And yes, that is more like a death spiral, too damn right! I'd have expected it to be flashing x's all over + an increase in HW errors at this point, but then again the new binaries support that --bitmain-hwerror option (or such like) that I have never gotten my head around! I think its that time to try the 0800 setting .... I am convinced it is a heat problem your rigs are encountering due to its consistency in drop-off, so reducing the voltage may help (but may need a power cycle, infact I'd say do one even though I do all my tests initially without one).

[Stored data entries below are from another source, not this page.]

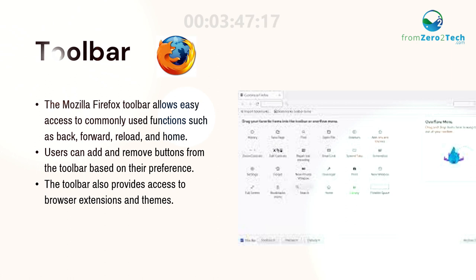Users can add and remove buttons from the toolbar based on their preference. The toolbar also provides access to browser extensions and themes.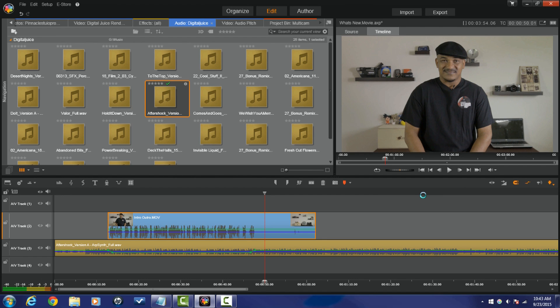Now besides the multicam, the audio ducking, the project bins, the favorite folders, guess what else we got? More effects.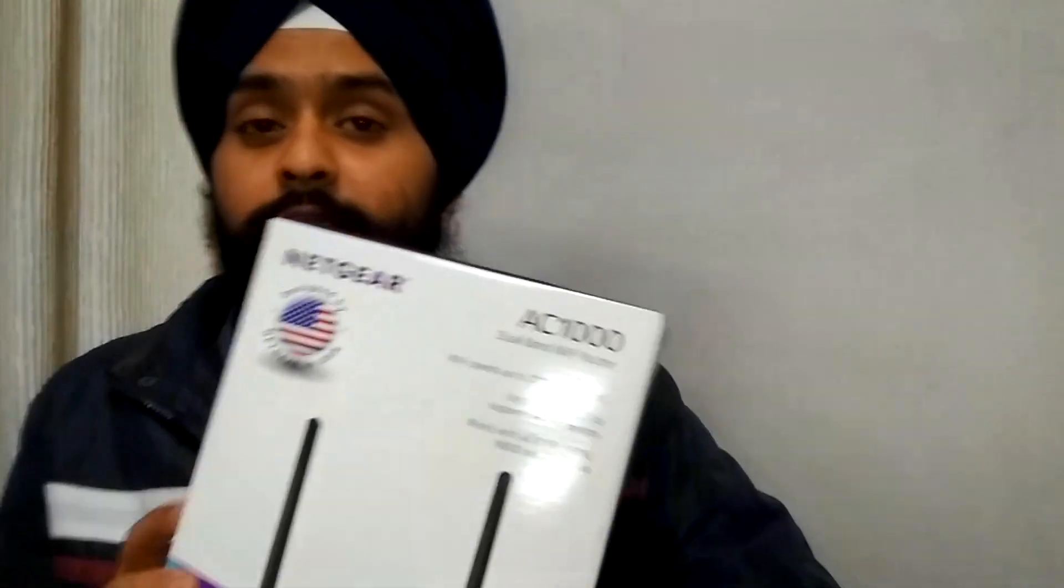So today's video is going to be about this Netgear AC1000 router. I'm going to do unboxing and post review and give my true comments on what this does. So let's go ahead and do the unboxing.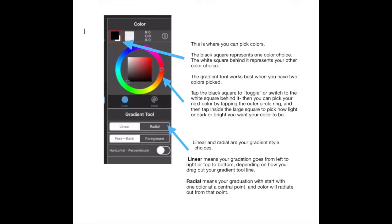The gradient tool works by requiring you to select two colors using the color picker. You will notice there is a black square and a white square in your color picker. To select the two colors, just tap that square and it will toggle between your two color choices. You select colors by moving the outer ring of color to the area you want, then moving the inside rectangle to adjust the lightness, darkness, or brightness of that color.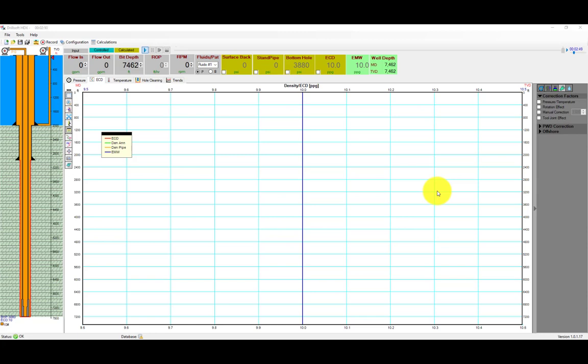In this video we will demonstrate the pressure-temperature effects on the ECD profile using oil-based, synthetic-based, and water-based muds in an offshore well. We will repeat this for shallow and deep wells.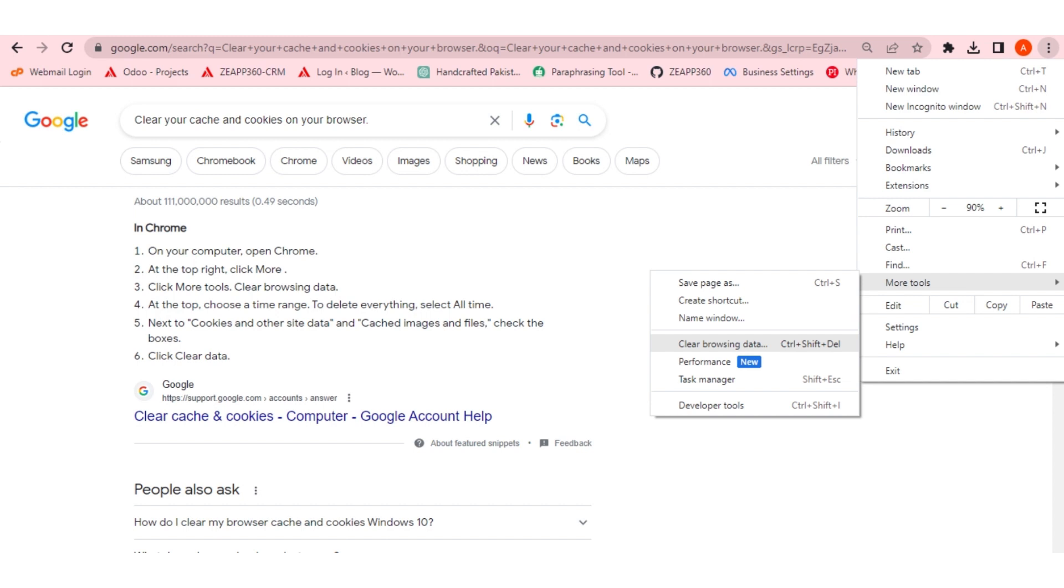And for that, you have to go to your Google Chrome and then click on the three dots button that is on the Chrome taskbar.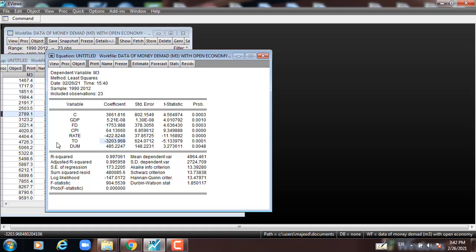Now, going to the dummy variable — it is positive and statistically significant, meaning that when the sign is positive and less than 5% significant, the open economic system can affect the dependent variable M3 positively. The R-squared is 99.70%, which means the model fits the data nicely. The F-statistic corresponding p-value is statistically significant at the 5% level, meaning all variables jointly affect M3.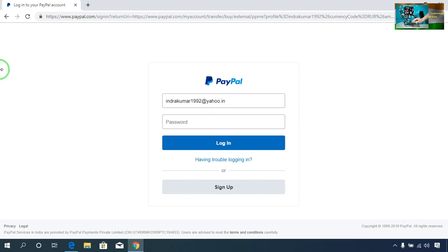So guys, this is all about this video tutorial. My motive was to show you how you will receive payment through PayPal in any currency. If this video has been beneficial to you in any way, don't forget to like and subscribe to my channel, because that will inspire me to make more and more educational videos. Thank you guys, have a great day.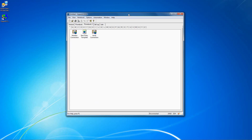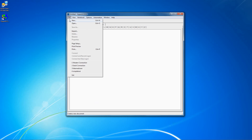In this tutorial, I'm going to show you how to create a Telnet or SSH connection in Hyperaccess. Click File, New.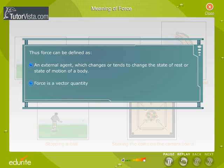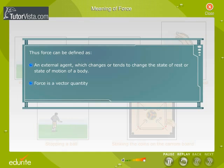Thus, force can be defined as an external agent which changes or tends to change the state of rest or state of motion of a body. Force is a vector quantity.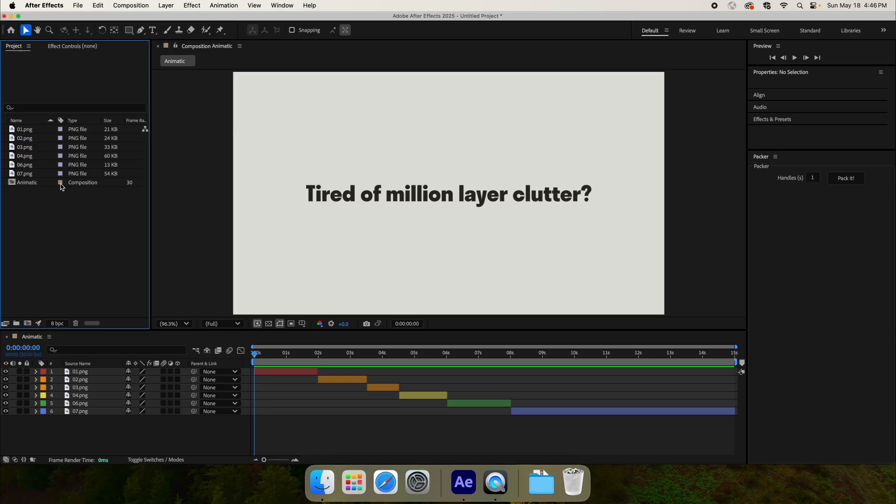Hello and welcome to this quick tutorial on using Packer. Packer has two modes of use: WholeComp Packing and Selection Packing.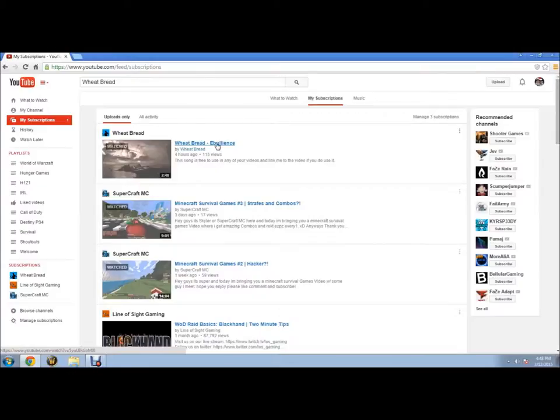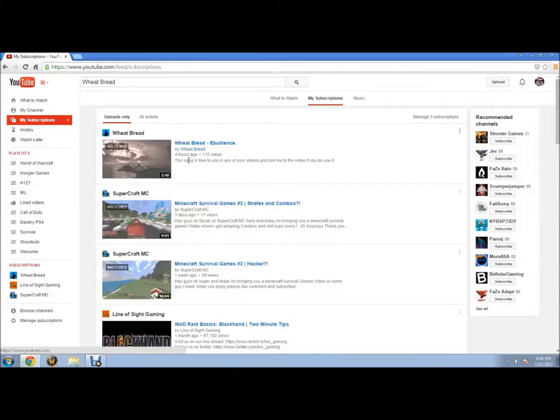Wheat Bread Ambulance, and he's pretty much doing dubstep. He makes it. This is all his own music and things I've watched him make it in about two or three days. But as you can see right here, the song is free to use in any of your videos and link me to the video if you do use it.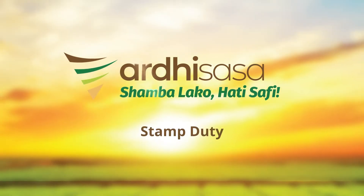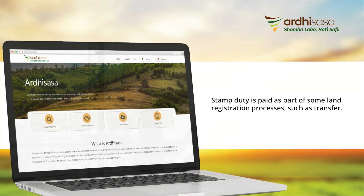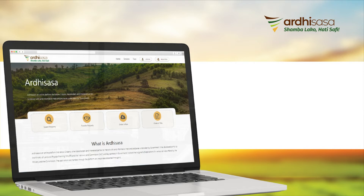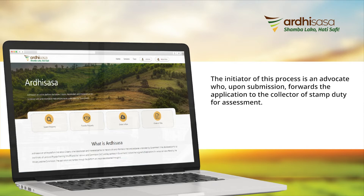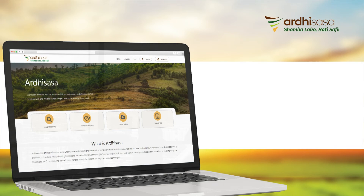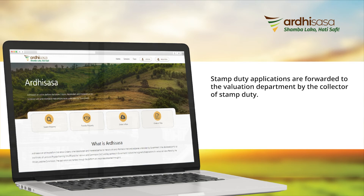Stamp duty is paid as part of some land registration processes, such as transfer. The initiator of the process is an advocate who, upon submission, forwards the application to the collector of stamp duty for assessment. Stamp duty applications are then forwarded to the valuation department by the collector of stamp duty.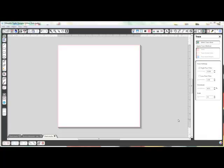Hey there, I'm going to run through real quickly how to pull in the SVG files and the JPEG files out of MDS into Silhouette Designs software.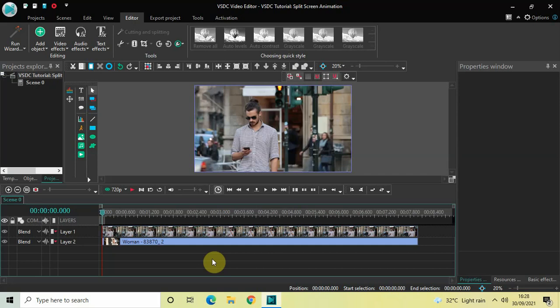Hey guys, welcome back to Next Gen Blog. In this video I want to show you how you can create a split screen animation in VSTC free video editor. It's actually super easy to create a split screen animation in VSTC, so without further delay let's get started and see how you can do this.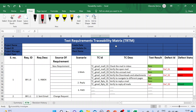Hello guys, welcome back to another video of Automation Testing Insider. Today I'm going to showcase the real-time test requirement traceability matrix template. In the last video we talked about what a traceability matrix is and the different types. If you haven't watched that video, please go watch it first and then come back so you can understand better.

OK, I'm going to call it a death spiral now. 98 minutes into the run, 15m hashrate of 375 at the pool, miner reports average dropped to 495. All chips still "o", temps 41/41, and a total of 5 HW errors. But I would also expect the symptoms you describe with an overheat, and I'm not seeing them. No increasing temps, no "x"s on the chips, HW errors still negligible. Fan speeds are dropping, now 1800-1900, down from 2200-2300. So the unit is getting cooler as it slows down. I saw the same behavior on all six units, so we are missing something here.
On the one test unit, I will now try 250/0750, hardware reset then software reset. Will see what happens! One thing I am wondering is if we are triggering an internal chip overheat of some kind, that throttles it back but doesn't report a bunch of failures. So we try to push them harder, and they actually go slower. But I'm just guessing at this point.